Prabhav Kashyap, Partner at Bain & Company, Aditya Muralidhar, Associate Partner at Bain & Company, and Rajat Tandon, President, IVCA, said India’s venture capital growth in 2025 was supported by stronger exits, disciplined capital deployment, and rising investor confidence across fintech, SaaS, AI, and deeptech.
Bain Notes Second Consecutive Growth Year as India VC Funding Touches 16 Billion
Prabhav Kashyap, Partner at Bain & Company, Aditya Muralidhar, Associate Partner at Bain & Company, and Rajat Tandon, President, IVCA, said India’s venture capital growth in 2025 was supported by stronger exits, disciplined capital deployment, and rising investor confidence across fintech, SaaS, AI, and deeptech.
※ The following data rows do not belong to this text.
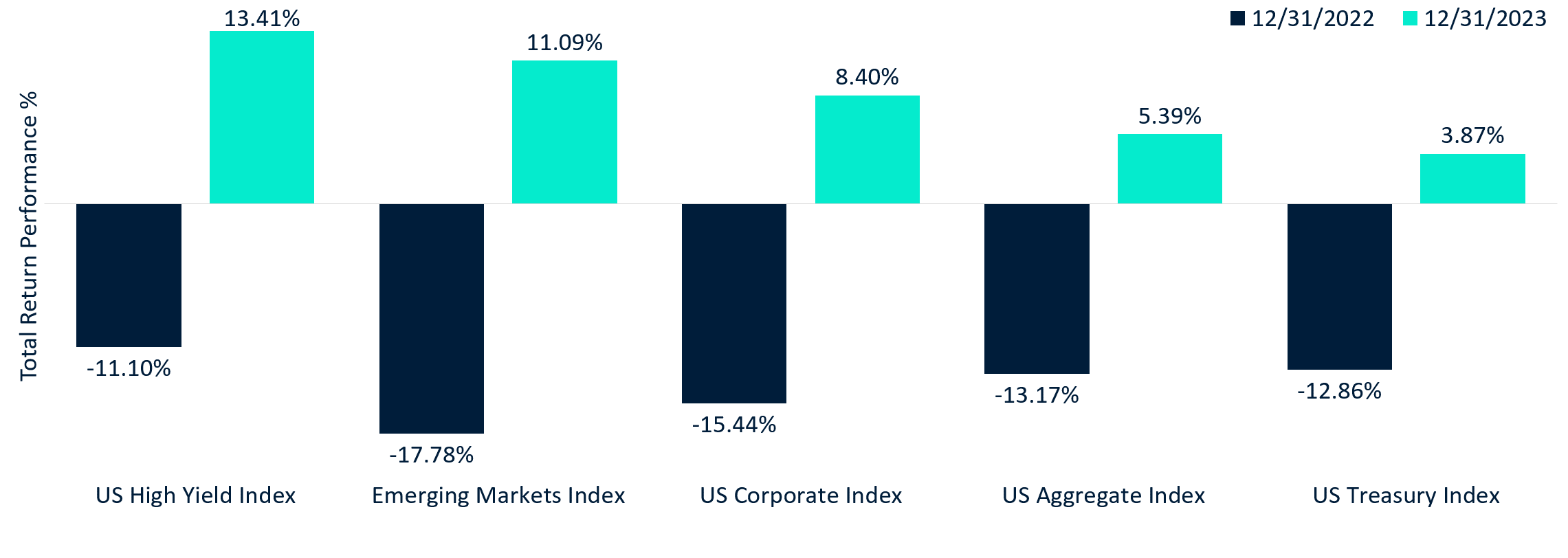 Fixed Income Returns in 2023 vs. 2022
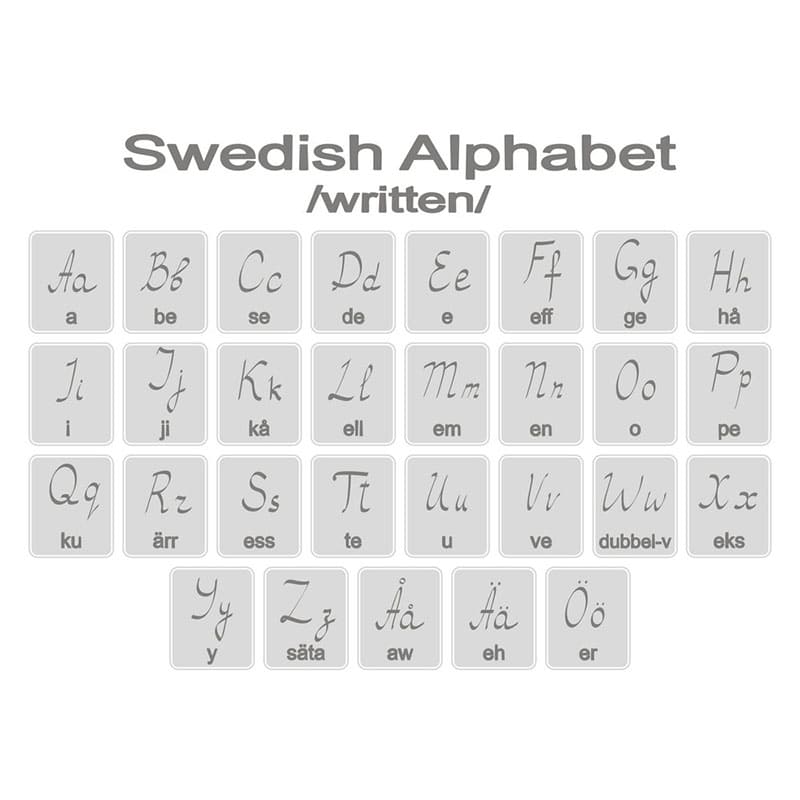 Printable Swedish Alphabet Letters
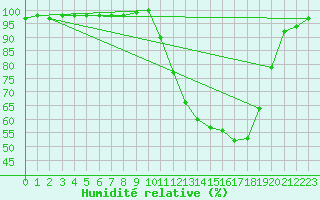 Courbe de l'humidit relative pour Vendays-Montalivet (33)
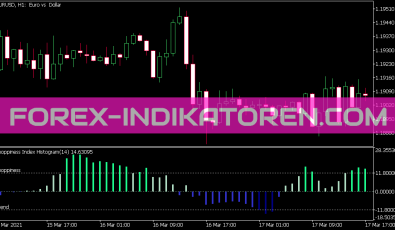 Choppiness Index H Indikator für MT5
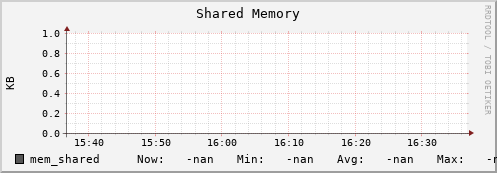 polarbear10.mgmt.grid.surfsara.nl mem_shared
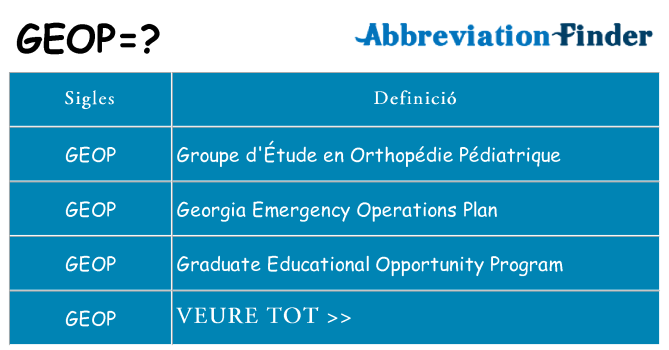 Què representen geop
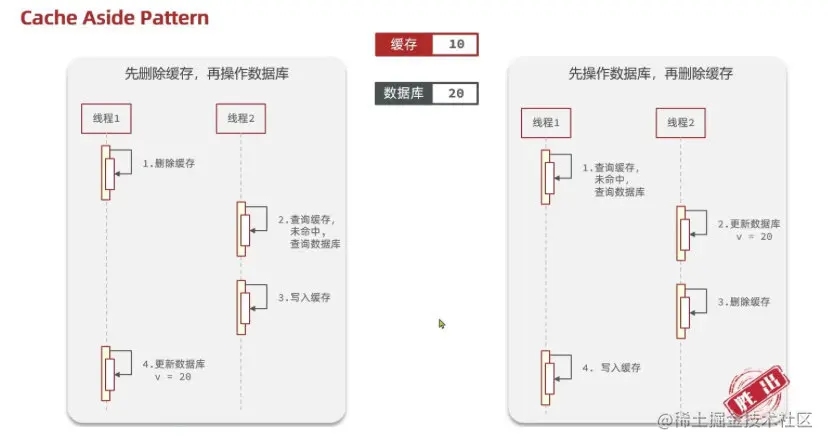 image-20221102224505763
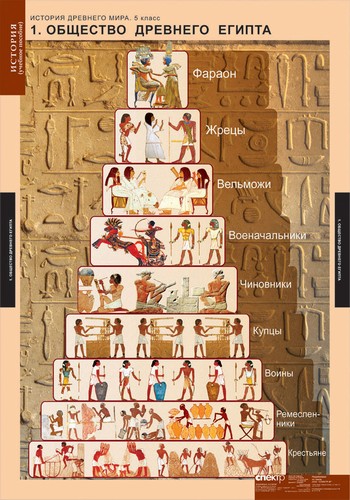 История Древнего мира 5 класс (5 табл.) 68х98 см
The report said the rise came even as broader private capital activity slowed, with growth supported by better exit visibility, stabilising valuations, and a stronger investor focus on sustainable and capital efficient growth models. Activity remained broad based, driven by continued momentum in deals below 50 million dollars, while larger transactions above 250 million dollars doubled from four to eight.
Technology led sectors played a central role in the funding rebound. Fintech deal value rose about 2.2 times year on year, while software and SaaS funding grew about 1.5 times. Wealthtech emerged as a major theme, with deal value increasing about five times, supported by rising digital adoption and greater household participation in financial assets. Consumer technology also remained resilient, with deal volumes increasing about 35 percent, led by medium ticket D2C and B2C commerce transactions.
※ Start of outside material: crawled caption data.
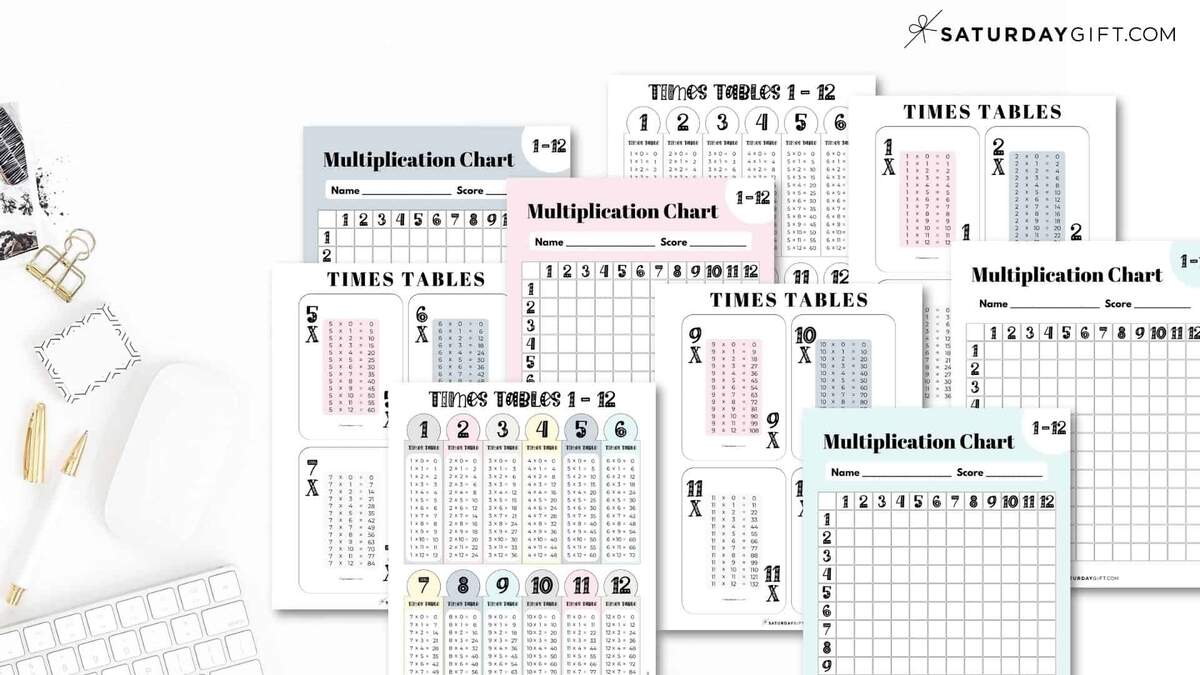 Multiplication Chart Printable Times Tables 1 12 Cute Free Grids Multiplication Charts PDF Free Printable Times Tables Free Printables Lettering SVG Files Tools Apps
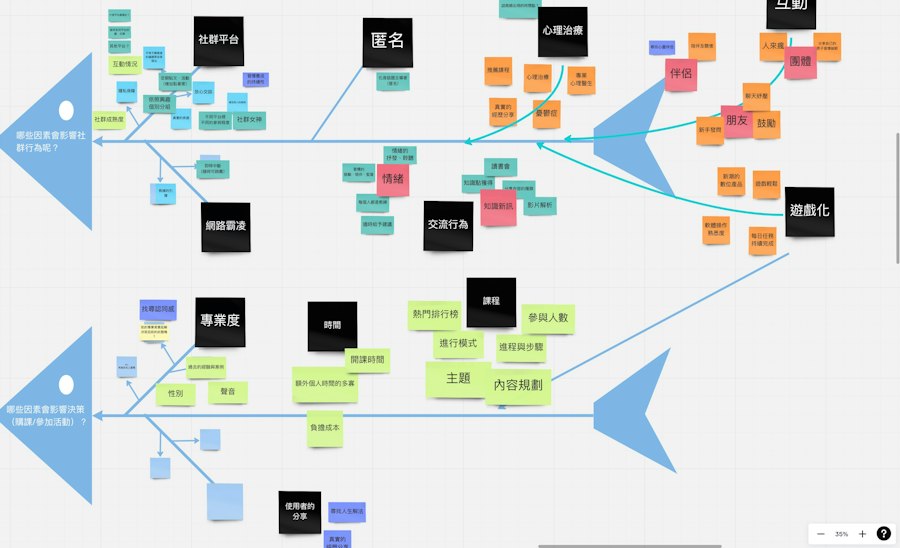 NLP concept diagram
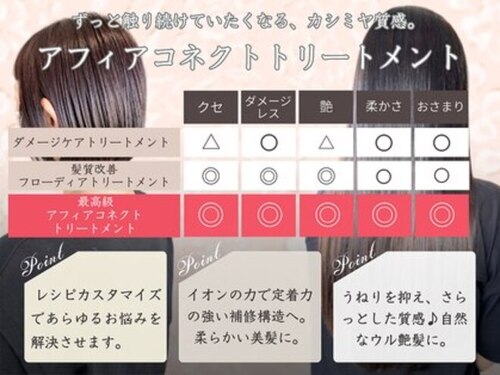 ビーズ(bead's)(大阪府大阪市東淀川区東淡路4-27-27 フィオーレ 1F)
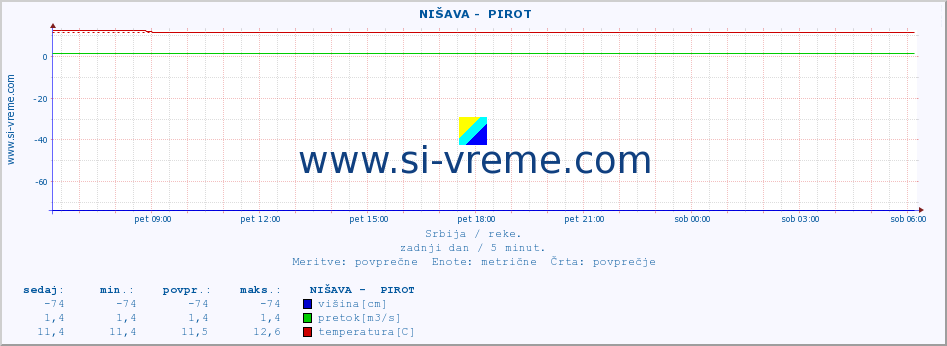 POVPREČJE ::  NIŠAVA -  PIROT :: višina | pretok | temperatura :: zadnji dan / 5 minut.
The report also pointed to stronger exit activity. Public market exits accounted for more than 65 percent of total exit value, helped by a rise in large IPOs. Strategic exits rebounded sharply, crossing 1 billion dollars in value, up from about 65 million dollars in 2024. Consumer technology and fintech together contributed more than 60 percent of total exit value. Domestic capital markets also deepened, with demat accounts crossing about 210 million and domestic equity inflows reaching about 90 billion dollars, compared with about 63 billion dollars in 2024.
Rajat Tandon, President, IVCA, said, “India’s venture and growth ecosystem has shown steady momentum, even as broader private capital markets softened. The growth is more balanced this year, with larger rounds returning alongside sustained mid stage activity, particularly across AI, deeptech, fintech and SaaS. At the same time, stronger exit visibility and a pickup in IPO led liquidity are reinforcing investor confidence. The sharp rise in fund raising, including thematic capital in areas such as deeptech and AI, reflects long term conviction in India’s innovation economy, with capital increasingly aligned to scalable models, governance, and disciplined value creation.”